John J Taaffe and his wife Henrietta came to Galway in the mid-1920s from Co Cork. He had been associated with Bantry Woolen Mills which unfortunately went out of business when the factory was burnt down during the War of Independence. With his background in the textiles business, it was probably natural for John to set up a drapery shop at Number 12 William Street. As you can see from the beautiful Gaelic script on the façade, he was a fan of the Irish language. He and Henrietta had five children, Joseph, Eddie, Netta, Una, and Flo.

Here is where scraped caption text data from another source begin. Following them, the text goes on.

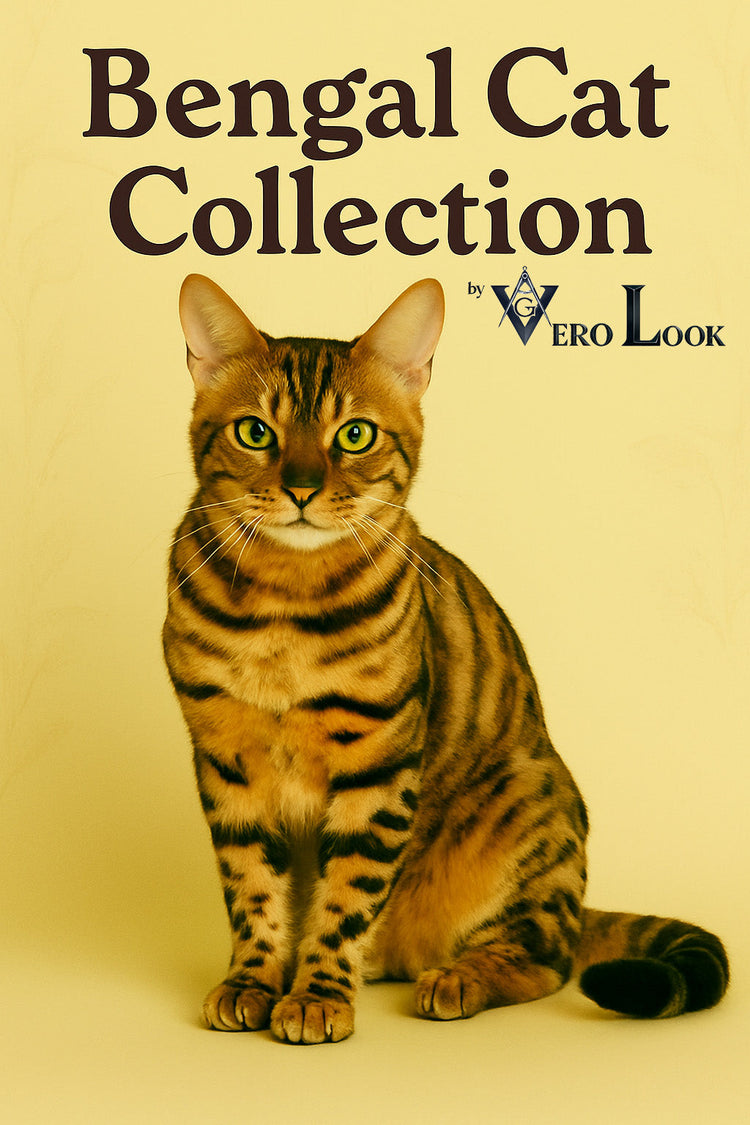 Bengal cat with a golden coat and dark rosettes sits alertly against a beige floral background, featured in the “Bengal Cat Collection” by Vero Look — perfect for bold cat lovers who admire exotic looks and high-energy feline companions.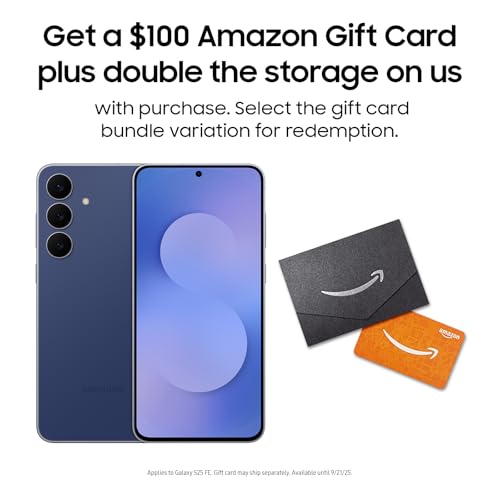 SAMSUNG Galaxy S25 FE Cell Phone (2025) + Gift Card, 128GB AI Smartphone, Unlocked Android, Large Display, 4900mAh Battery, High Res-Camera, AI Photo Edits, Durable, US 1 Yr Warranty, Navy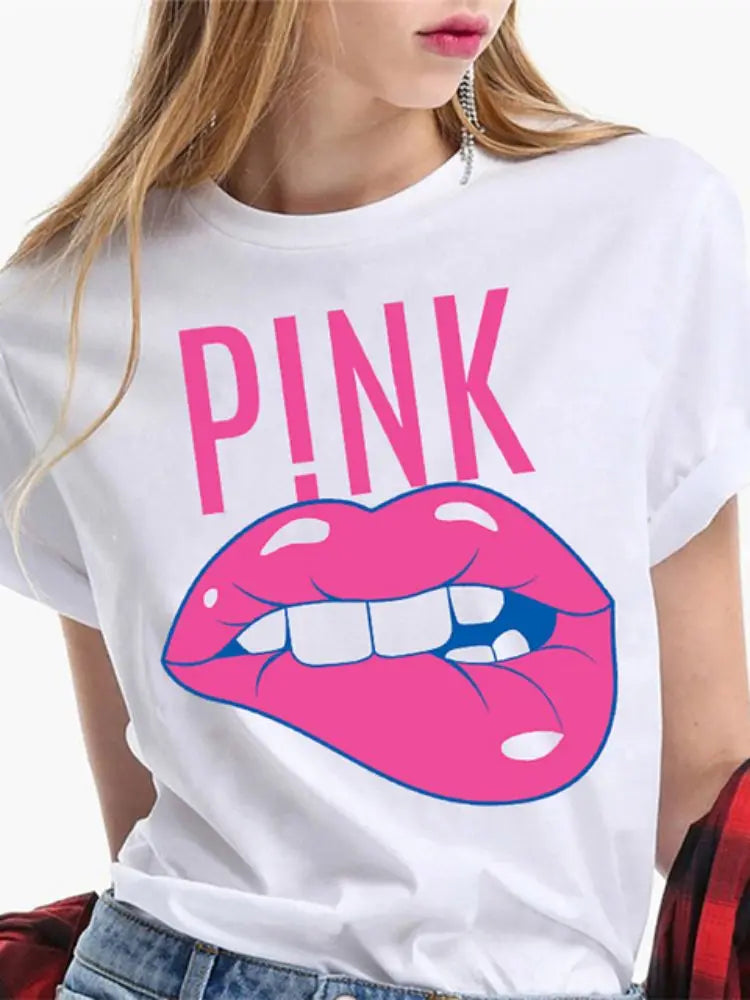 Fashion Sexy Red Lip Women T Shirt Funny Kiss Lips Print Ladies T-shirt Casual Basis O-collar Short Sleeves Female Tops Tees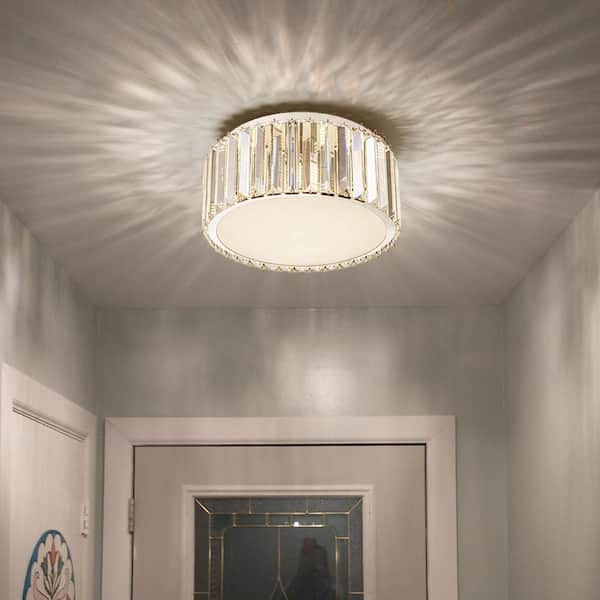 12 in. Modern 5-Light Round Silver Crystal Flush Mount Chandelier Wide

Their business was a wholesale and retail drapery. They specialised in selling woollen goods and tweeds, but as you can see from the window display in our photograph (which was taken in the late 1920s ), they sold a lot of lines of general drapery goods. The shop quickly became very successful, a Galway institution. They did a lot of advertising …. In 1941, “All goods in our great Summer Sale are being offered regardless of to-day’s values, some of which could not be repeated at any price. We have some odd lines and some shop-soiled goods which we are clearing at a fraction of their value. Generally speaking, very big savings can be made by paying us an immediate visit. So don’t delay!” A week or two later, they might be advertising for the latest line in fashionable hats for women. John died in 1946 and with the onset of the post-war tourist boom, the business changed as Taaffe’s became a favourite calling place for visitors, charmed by the almost Dickensian quaintness of the shop and its steadfastly old-fashioned way of dealing with customers.
It was now being run by Eddie and Una, and under her management, they began to do a very good mail-order business with American customers but, through circumstances that carried an element of sadness and the ill health of both Eddie and Una, it began to decline and eventually, in 1996, Taaffe’s ceased trading and closed down.
The family lived over the shop. There was an extensive garden at the back which included a tennis court and they often had parties there. They were well known in commercial, social, and sporting circles. Indeed, Eddie and Una could be described as great Galway ‘characters’. Una went to school to the Dominicans in Taylor’s Hill. She always stood out and often said that she never missed a meeting of the Galway Races for 40 years. A great sportwoman, particularly at tennis, she was a good oarswoman and also a hockey player. She did quite a bit of acting with various drama groups in town. She was a beauty, statuesque and always well dressed.
She died in 2006, predeceased by her brother Eddie in 2001. Her neighbour Colm Powell said of her, “Other people would say she was a character but she was more than that, she was extraordinarily charitable and both herself and Eddie were extremely religious. I hated to see her going downhill.”